While Mordaunt continued to give her evidence, DNS contacted Coyle via social media, and included a link to the Department for Work and Pensions (DWP) press release.
Coyle then told Mordaunt about the press release, and said: “With respect, you said the department never had that commitment. That is false.”
She replied: “That is my understanding. The press release you refer to I have not been able to find.
“It just isn’t a manifesto target. That doesn’t mean we don’t want to do it.”
Asked later if the minister would apologise for misleading MPs, a DWP spokeswoman said: “As mentioned in the Conservative manifesto, the government aims to halve the disability employment gap and is taking action to do so but there was never a firm commitment to achieve this by 2020.

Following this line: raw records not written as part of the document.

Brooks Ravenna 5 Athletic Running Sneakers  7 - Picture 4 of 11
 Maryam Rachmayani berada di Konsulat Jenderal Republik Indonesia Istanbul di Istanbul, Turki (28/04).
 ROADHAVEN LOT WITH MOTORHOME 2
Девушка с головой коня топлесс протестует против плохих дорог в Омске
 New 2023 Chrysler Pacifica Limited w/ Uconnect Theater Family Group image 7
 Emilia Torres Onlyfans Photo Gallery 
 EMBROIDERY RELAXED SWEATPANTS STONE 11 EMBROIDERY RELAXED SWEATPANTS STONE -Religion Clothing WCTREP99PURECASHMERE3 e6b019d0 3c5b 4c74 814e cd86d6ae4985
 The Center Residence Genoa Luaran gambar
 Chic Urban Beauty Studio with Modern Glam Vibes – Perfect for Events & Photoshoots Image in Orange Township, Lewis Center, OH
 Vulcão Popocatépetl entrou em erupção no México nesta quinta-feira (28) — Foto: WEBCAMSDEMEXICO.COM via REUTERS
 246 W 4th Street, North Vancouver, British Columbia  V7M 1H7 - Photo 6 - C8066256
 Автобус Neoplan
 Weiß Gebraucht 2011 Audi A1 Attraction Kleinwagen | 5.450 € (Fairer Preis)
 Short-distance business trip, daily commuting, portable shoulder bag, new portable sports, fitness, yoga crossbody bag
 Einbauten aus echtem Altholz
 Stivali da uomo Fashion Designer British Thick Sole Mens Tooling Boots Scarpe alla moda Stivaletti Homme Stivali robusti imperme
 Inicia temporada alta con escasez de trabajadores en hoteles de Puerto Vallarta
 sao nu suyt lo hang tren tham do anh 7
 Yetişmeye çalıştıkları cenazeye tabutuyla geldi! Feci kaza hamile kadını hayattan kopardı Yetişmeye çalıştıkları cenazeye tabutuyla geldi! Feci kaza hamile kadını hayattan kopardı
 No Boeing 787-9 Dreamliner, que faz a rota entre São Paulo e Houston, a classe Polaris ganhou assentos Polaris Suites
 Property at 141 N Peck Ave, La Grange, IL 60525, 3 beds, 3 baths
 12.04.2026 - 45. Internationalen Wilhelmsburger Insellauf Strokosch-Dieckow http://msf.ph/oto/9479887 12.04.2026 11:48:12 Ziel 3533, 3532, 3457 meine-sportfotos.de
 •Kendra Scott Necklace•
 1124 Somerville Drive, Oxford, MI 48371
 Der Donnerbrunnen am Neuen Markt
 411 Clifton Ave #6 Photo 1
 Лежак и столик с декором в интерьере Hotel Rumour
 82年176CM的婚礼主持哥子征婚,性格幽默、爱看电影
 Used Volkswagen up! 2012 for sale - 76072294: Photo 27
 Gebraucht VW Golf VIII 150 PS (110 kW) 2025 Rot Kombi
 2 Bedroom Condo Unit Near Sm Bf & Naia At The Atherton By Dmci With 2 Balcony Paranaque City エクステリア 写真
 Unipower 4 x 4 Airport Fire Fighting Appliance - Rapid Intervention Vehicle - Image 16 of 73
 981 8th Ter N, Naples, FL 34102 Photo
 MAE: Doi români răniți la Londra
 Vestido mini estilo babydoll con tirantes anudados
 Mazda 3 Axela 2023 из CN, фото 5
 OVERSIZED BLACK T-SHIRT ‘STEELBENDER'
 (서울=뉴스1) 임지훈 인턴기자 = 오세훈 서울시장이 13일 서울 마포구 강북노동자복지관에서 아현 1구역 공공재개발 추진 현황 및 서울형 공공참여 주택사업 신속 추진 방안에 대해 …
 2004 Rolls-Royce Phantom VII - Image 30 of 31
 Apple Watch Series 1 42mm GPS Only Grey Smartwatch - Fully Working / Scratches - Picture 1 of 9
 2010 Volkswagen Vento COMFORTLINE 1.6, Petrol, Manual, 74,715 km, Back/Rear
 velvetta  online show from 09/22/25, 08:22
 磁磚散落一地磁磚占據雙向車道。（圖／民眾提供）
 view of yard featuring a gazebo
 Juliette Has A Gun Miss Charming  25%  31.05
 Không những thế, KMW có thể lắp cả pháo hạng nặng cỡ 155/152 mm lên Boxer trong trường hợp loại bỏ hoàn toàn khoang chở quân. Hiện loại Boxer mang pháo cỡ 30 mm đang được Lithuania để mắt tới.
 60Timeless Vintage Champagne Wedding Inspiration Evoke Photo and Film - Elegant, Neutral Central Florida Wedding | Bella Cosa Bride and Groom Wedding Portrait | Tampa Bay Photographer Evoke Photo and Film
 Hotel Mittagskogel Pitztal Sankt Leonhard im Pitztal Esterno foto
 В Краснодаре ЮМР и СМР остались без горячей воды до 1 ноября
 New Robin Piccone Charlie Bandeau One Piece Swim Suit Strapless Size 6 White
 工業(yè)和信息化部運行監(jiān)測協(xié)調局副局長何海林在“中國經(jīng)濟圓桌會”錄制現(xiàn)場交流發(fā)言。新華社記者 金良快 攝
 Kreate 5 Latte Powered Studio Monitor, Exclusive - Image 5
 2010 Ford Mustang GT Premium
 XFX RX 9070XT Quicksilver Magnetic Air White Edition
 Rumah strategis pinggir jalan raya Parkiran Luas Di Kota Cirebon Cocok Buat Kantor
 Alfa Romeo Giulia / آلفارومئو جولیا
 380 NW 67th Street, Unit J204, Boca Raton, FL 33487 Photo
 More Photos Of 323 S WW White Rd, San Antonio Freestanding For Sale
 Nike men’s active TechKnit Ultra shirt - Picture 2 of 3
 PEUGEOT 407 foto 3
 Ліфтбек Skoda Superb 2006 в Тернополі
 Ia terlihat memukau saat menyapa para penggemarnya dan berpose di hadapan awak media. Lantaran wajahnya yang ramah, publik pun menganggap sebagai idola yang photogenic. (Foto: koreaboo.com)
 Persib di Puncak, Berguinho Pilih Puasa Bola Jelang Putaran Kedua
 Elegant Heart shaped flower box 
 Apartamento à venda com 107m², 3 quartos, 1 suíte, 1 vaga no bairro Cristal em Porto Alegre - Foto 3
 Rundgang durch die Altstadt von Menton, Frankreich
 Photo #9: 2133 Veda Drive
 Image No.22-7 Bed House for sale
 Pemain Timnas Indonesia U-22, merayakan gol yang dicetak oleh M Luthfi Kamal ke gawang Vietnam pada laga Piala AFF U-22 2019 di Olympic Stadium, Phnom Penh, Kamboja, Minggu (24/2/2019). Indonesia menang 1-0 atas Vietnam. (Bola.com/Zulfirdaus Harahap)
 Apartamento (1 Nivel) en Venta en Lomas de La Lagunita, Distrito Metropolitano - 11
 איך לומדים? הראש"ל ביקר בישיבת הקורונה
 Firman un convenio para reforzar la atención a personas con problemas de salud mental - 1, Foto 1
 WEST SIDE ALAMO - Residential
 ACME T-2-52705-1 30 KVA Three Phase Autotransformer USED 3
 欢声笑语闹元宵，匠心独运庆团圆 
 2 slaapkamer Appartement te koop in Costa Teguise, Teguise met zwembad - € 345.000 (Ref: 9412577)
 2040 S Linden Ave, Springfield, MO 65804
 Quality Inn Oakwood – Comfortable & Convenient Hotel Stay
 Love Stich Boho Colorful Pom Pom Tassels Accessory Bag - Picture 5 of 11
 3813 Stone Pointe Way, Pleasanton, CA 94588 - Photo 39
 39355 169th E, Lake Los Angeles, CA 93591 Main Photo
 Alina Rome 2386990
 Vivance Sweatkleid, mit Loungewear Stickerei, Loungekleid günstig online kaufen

“It is been widely recognised that this is a bold and challenging target and the previous minister for disabled people’s press release makes clear that this is an aim – rather than a commitment.”
It is not the first time Mordaunt has been criticised for misleading MPs.
In October, she told the Commons that under personal independence payment – compared with disability living allowance, which it is replacing for working-age claimants – “more people are entitled to use the Motability scheme”.
But Motability’s own figures show that of their customers who have been reassessed for PIP so far, 44 per cent have lost their entitlement to the scheme and have had to return their vehicles.
Mordaunt made it clear in her evidence to the committee this week that measuring the disability employment gap should no longer be the government’s focus, because any measurement would “not be meaningful for a number of years”.
She was further embarrassed during the session – which was taking evidence for the committee’s inquiry into the disability employment gap – when fellow Tory MP Richard Graham raised doubts about the Disability Confident events for employers being hosted by MPs around the country.
He said he and other MPs had held “very helpful” Disability Confident events in their constituencies.
But he added: “You get lots of employers who sign a board, a photograph is taken, a press release is issued, people go away with a warm and fuzzy feeling, but it’s about how many of them actually go away and do something.
“When I have sent emails to all of those who have signed, asking them to give me chapter and verse on how many people with disabilities they have subsequently employed, the ones who respond are the ones who were already doing this beforehand and they have done a bit more, but the ones who signed it because they felt it was a good idea… on the whole don’t really come back.
“This leads me to suspect that not a great deal has really happened.”
Mordaunt said DWP had now relaunched Disability Confident and that it now had some “teeth”, because those employers that reach the highest level of “Disability Confident Leader” need to be “independently audited”.
She said that employers often need a “real business reason” to take action, and so the permanent secretaries of every government department had signed up to the scheme and would give preference to Disability Confident Leaders when awarding contracts.
She said: “If you want to win a government contract and you’re not a Disability Confident Leader, you stand less chance of winning that contract.”
The government’s latest figures show just 13 employers across the country have achieved Disability Confident Leader status.
Meanwhile, figures obtained by Disability News Service through a freedom of information request suggest that Graham’s concerns could be justified.
For the eight months from December 2015 to July 2016, about 100 employers a month were registering interest in the Disability Confident scheme, but an average of only 13 every month expressed a wish to be contacted by Jobcentre Plus to discuss their recruitment needs or how to support a disabled employee.
In July this year, just four employers across the entire country asked for such advice.